A lot of paper companies will offer more generic profiles. They will be tuned to the ink and paper and a non-specific printer of a certain model. Each Epson 1280 (for example) will be different enough that a pro may want to have their own profiled, but for general use, having the company profile the ICC to the Espon 1280 sitting in their shop is close enough.

Here's Ilford's: http://www.ilford.com/html/us_english/prod_html/galerie/IJPROFILES/default.asp

I'm sure a search will reveal more profiles for other papers.
http://www.serendipity-software.com.au/support/download/icc/printer/
On the Epson site, they have some links to ICC profiles. Not every combo is there, but there are some on both the printer pages and paper pages.


----------



## Big Mike (Jul 6, 2006)

Thanks Mark :thumbsup:


----------



## markc (Jul 6, 2006)

No prob. Oh, and even if you can't find the exact paper you are using, getting one that's close will at least have the correct printer/ink gammut. This will probably be better than nothing at all.


----------



## carolwrite (Jul 6, 2006)

Not a problem. I got the answer I needed.



			
				Big Mike said:
			
		

> Thanks Mark (sorry carolwrite, for hi-jacking the thread).
> 
> Yes, this color stuff is complicated...that's why I want to keep things as simple as possible (at least until I understand it a lot better).  So I've calibrated my monitor and that profile is now my display setting.   *And that is the only place I need to use that profile?*
> 
> ...


----------



## Big Mike (Jul 6, 2006)

markc said:
			
		

> No prob. Oh, and even if you can't find the exact paper you are using, getting one that's close will at least have the correct printer/ink gammut. This will probably be better than nothing at all.

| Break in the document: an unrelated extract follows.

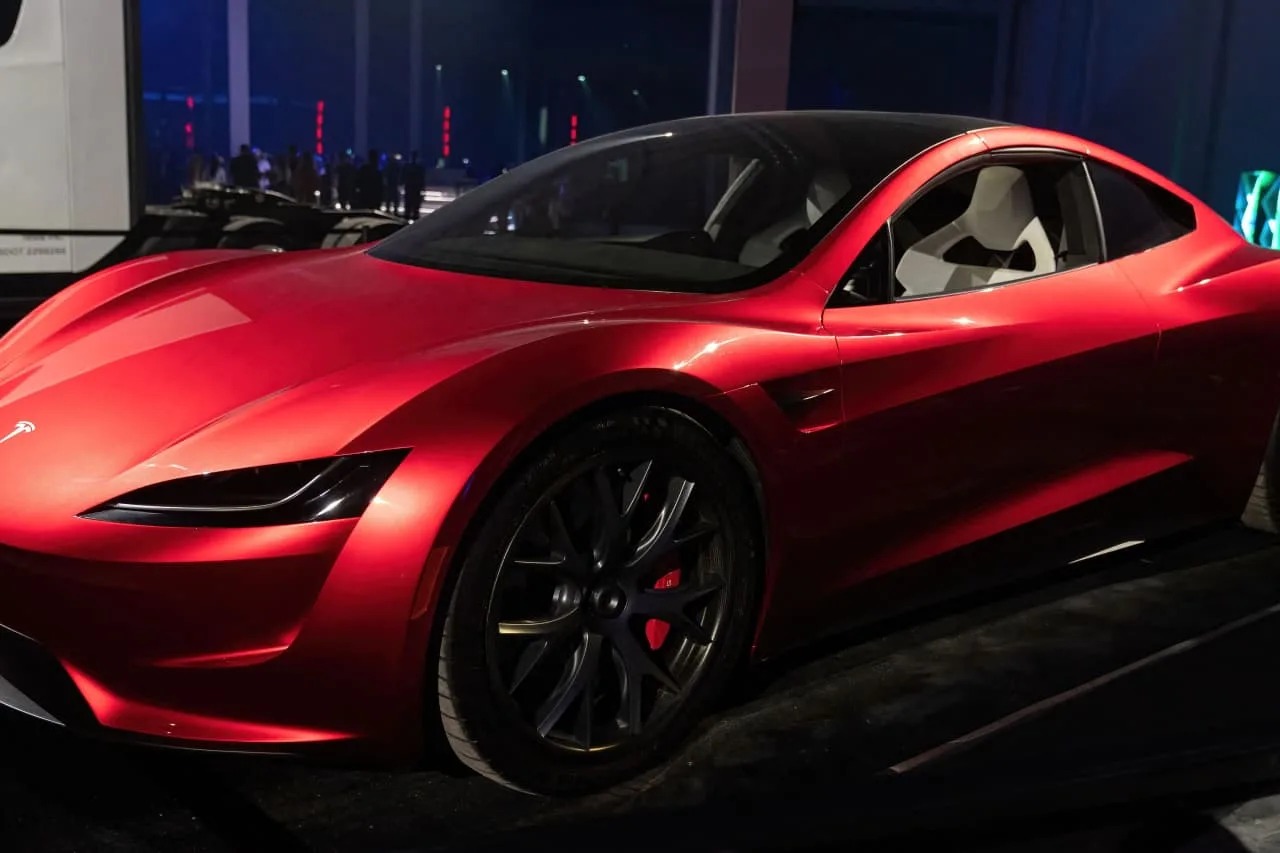 Tesla может показать «летающий» Roadster уже этой ночью — MarketWatch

That's another thing.  I have a Canon photo printer and I do get better prints with Canon paper.  The printer settings let me choose any of the specific Canon paper grades...and then has the generic "glossy photo paper", "Matte photo paper" etc.  

I found a great deal on glossy Staples brand paper and bought a bunch of it.  The results are not a good as the Canon paper...but I'm wondering if that's because the printer's "glossy photo paper" setting is just wrong for that paper.  I guess I could experiment with the various "Canon" settings...but is there a better way to get better results with this paper?  Would I be able to find a profile for my printer and that paper?


----------



## markc (Jul 6, 2006)

Big Mike said:
			
		

> Would I be able to find a profile for my printer and that paper?

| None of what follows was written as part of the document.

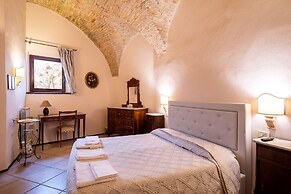 HOTEL TREVI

I doubt it, unless Staples bothered to do so. People usually don't bother with profiles for cheap paper, as the average user doesn't even know about them, let alone use them. Sometimes you will find profiles out there that someone has made and decided to share with others.

The Canon paper can look better because it's better paper, or simply because the Canon printer knows exactly how much ink to lay down for that kind of paper. The Staples paper is going to behave differently and may not absorb all the ink and run, or migh absorb too much of it and look dull. I would run a test of each type available in the drop-down and see what looks best.

Using profiles: http://photography-on-the.net/forum/showthread.php?t=29530
Looks like some Canon printers come with profiles: http://www.steves-digicams.com/techcorner/June_2005.html
Here are some cheaper profiles, if you can't find free ones: http://www.ddisoftware.com/printerprofiles/
Found some for Kodak inkjet paper: http://www.kodak.com/global/en/prof...nters/ICCProfiles.jhtml?id=0.1.14.30.23&lc=en

If you can't find the right ones, try the Kodak ones. You don't have to change the image at all to test it. Just make a print, and see if it looks close to the softproof with the profile applied. The cool thing is that you can have lots of profiles installed and just choose the right one for the job at hand.


----------



## markc (Jul 6, 2006)

carolwrite, does the lab you had the images printed at have a profile available? Do they have a website?


----------



## Big Mike (Jul 6, 2006)

So when you "softproof"...what are you doing?  Changing the color space profile just to see what it looks like?  or is it something different.


----------



## markc (Jul 6, 2006)

There's an actual softproof function in Photoshop and some other programs. Color space is the color the actual image data is in. Softproofing just applies a translation map while you are looking at it. It only changes how the image looks while you are editing it. Just pick the profile, and *poof*, the image looks like it will when it's printed. You can then make changes to get it just right. Using the example from above, if the paper is warm, everything will have a slight yellow/brown tint to it.
http://www.drycreekphoto.com/Learn/profiles.htm#SoftProofing
Lot of info on this page, but it's partway down: http://www.computer-darkroom.com/ps9_colour/ps9_1.htm


----------



## Big Mike (Jul 6, 2006)

Thanks again


----------



## carolwrite (Jul 6, 2006)

markc said:
			
		

> carolwrite, does the lab you had the images printed at have a profile available? Do they have a website?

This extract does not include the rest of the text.